1980s Unique Country Code (UCC) prefix for EAN identifiers of books

A thirteen-digit ISBN, with the 978 at the beginning representing the Unique Country Code of Bookland

"Bookland" is a fictitious country that exists solely in the European Article Number (EAN) barcode system, where it serves as the unique prefix of published books regardless of their country of origin. The codes "978" and later "979" were designated as Bookland prefixes in the 1980s to allow the EAN namespace to catalogue books by International Standard Book Numbers (ISBN) rather than requiring a separate or redundant EAN numbering system.
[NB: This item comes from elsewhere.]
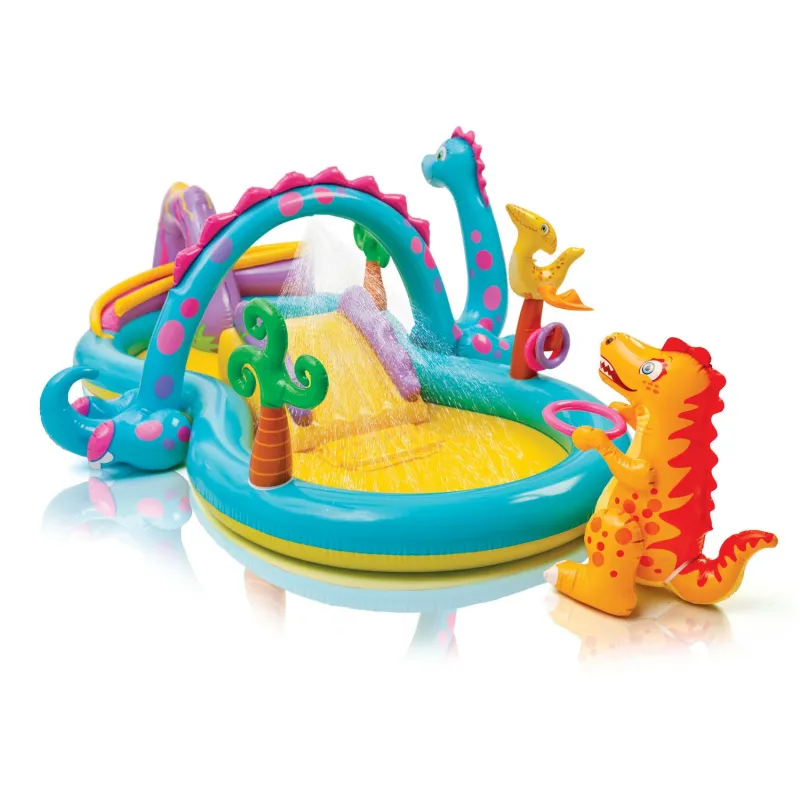 Centru de joacă gonflabil dinozauri, design colorat, pentru copii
Bookland does not represent a real geographic location.

== History ==
Until January 1, 2007, all ISBNs were allocated as 9-digit numbers followed by a modulo 11 checksum character that was either a decimal digit or the letter "X". A Bookland EAN was generated by concatenating the Bookland UCC 978, the 9 digits of the book's ISBN other than its checksum, and the EAN checksum digit.

Since parts of the 10-character ISBN space are nearly full, all books published from 2007 on have been allocated a 13-digit ISBN, which is identical to the Bookland EAN. Most of UCC 979 (formerly "Musicland") has now been assigned for the expansion of Bookland, and was first used by publishers in the French language, which can now use the additional prefix "979-10-" in addition to the nearly full "978-2-" prefix (onto which legacy 10-character ISBNs starting with "2-" have been remapped). Books numbered with prefixes other than 978 will not be mappable to 10-character ISBNs.

The GS1 is the global identification standards organization for retail. Every country has an assigned country code which precedes the company code. The "country codes" 978 and 979 are now officially registered for allocation by the International ISBN Agency, which maintains the official international registry of ISBN numbers allocated to book publishers.

==Similar mappings==

- ISSNs (which identify periodical publications) are mapped into the UCC 977.
- ISMNs (which identify sheet music) are mapped into the UCC 979. Since the leading "M" of a legacy 10-digit ISMN number (such as M-345-24680-5) is transcoded as 0, the EAN prefix 979-0 is wholly reserved for sheet music and has been dubbed the fictitious country "Musicland". Like ISBNs, ISMNs have been officially allocated using 13 digits since mid-2008.